BEGIN Input data

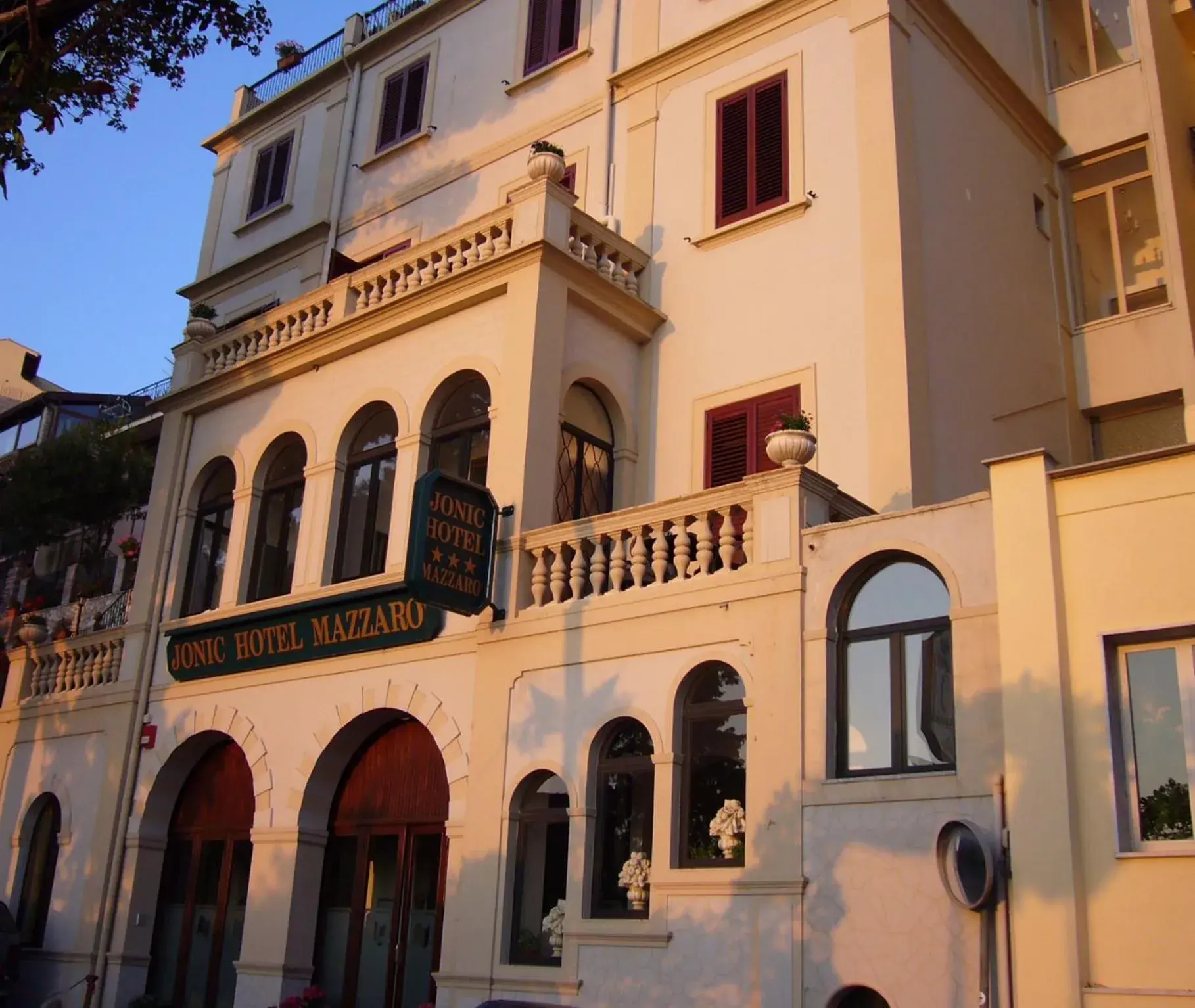 Facade/entrance, Property Building in Jonic Hotel Mazzarò
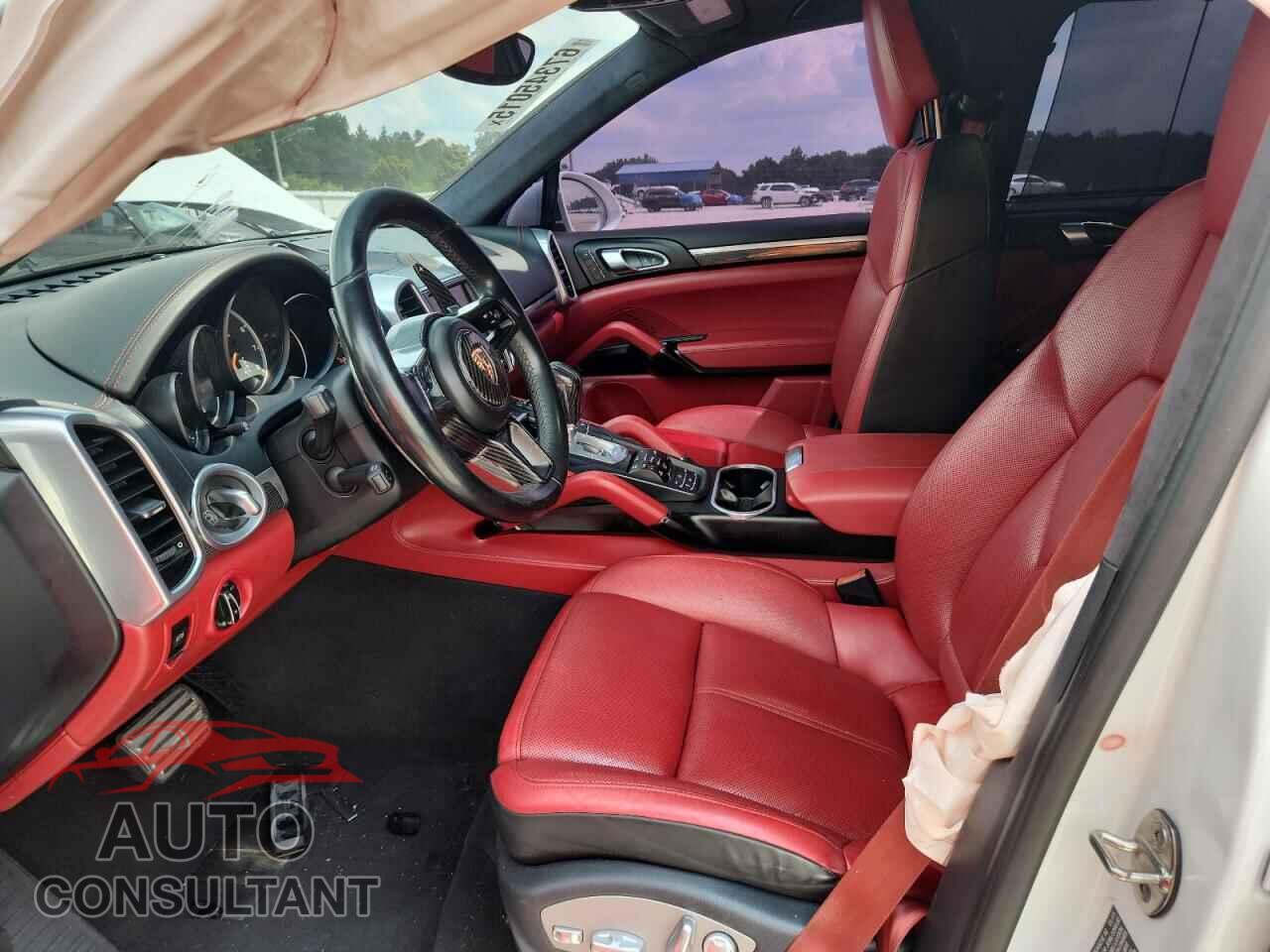 PORSCHE CAYENNE 2015 - WP1AC2A21FLA82270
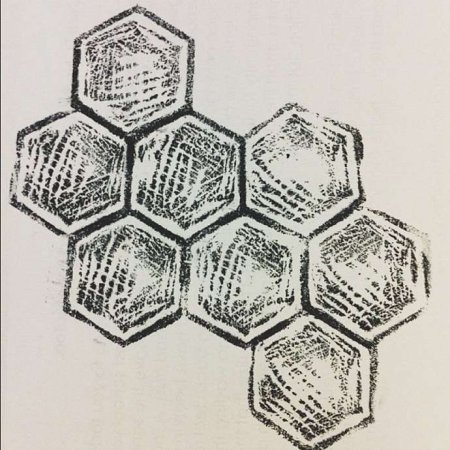 Эскиз тату пчелиные соты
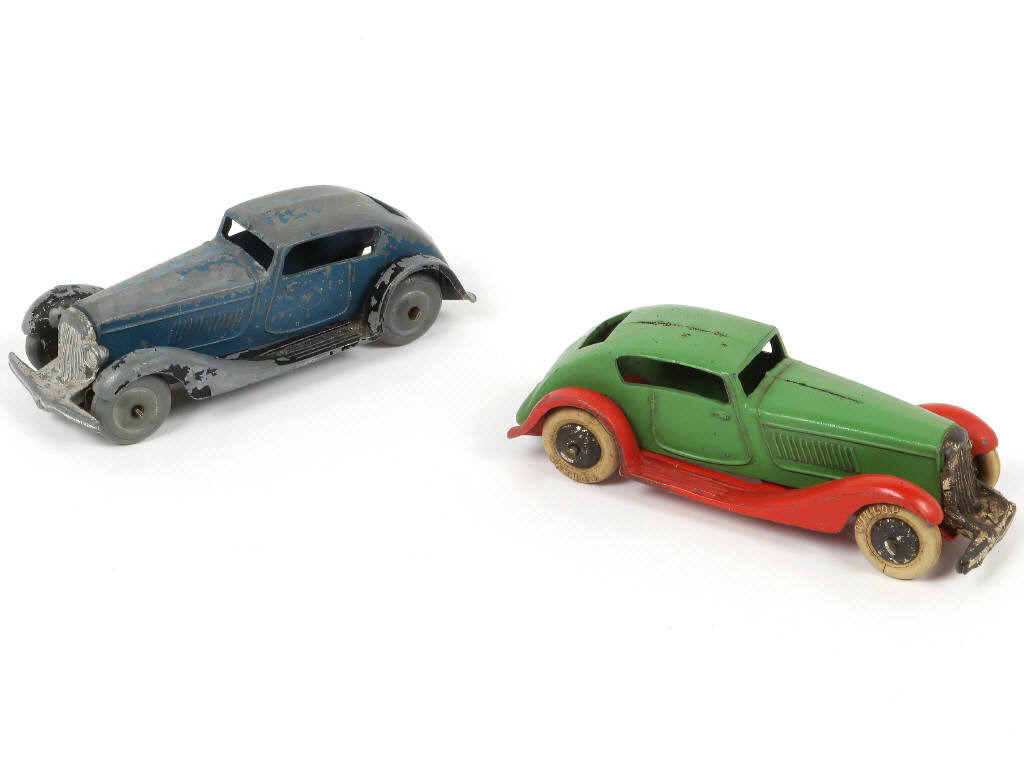 Lot 286 - DINKY TOYS (FRANCE) (2)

END Input data

◆ What needs to be done ◆
Word for word, repeat only the lines from the line containing "PORSCHE CAYENNE 2015 - WP1AC2A21FLA82270" through the end of the data, without any pictures.

◆ Exercise result ◆
 PORSCHE CAYENNE 2015 - WP1AC2A21FLA82270
 Эскиз тату пчелиные соты
 Lot 286 - DINKY TOYS (FRANCE) (2)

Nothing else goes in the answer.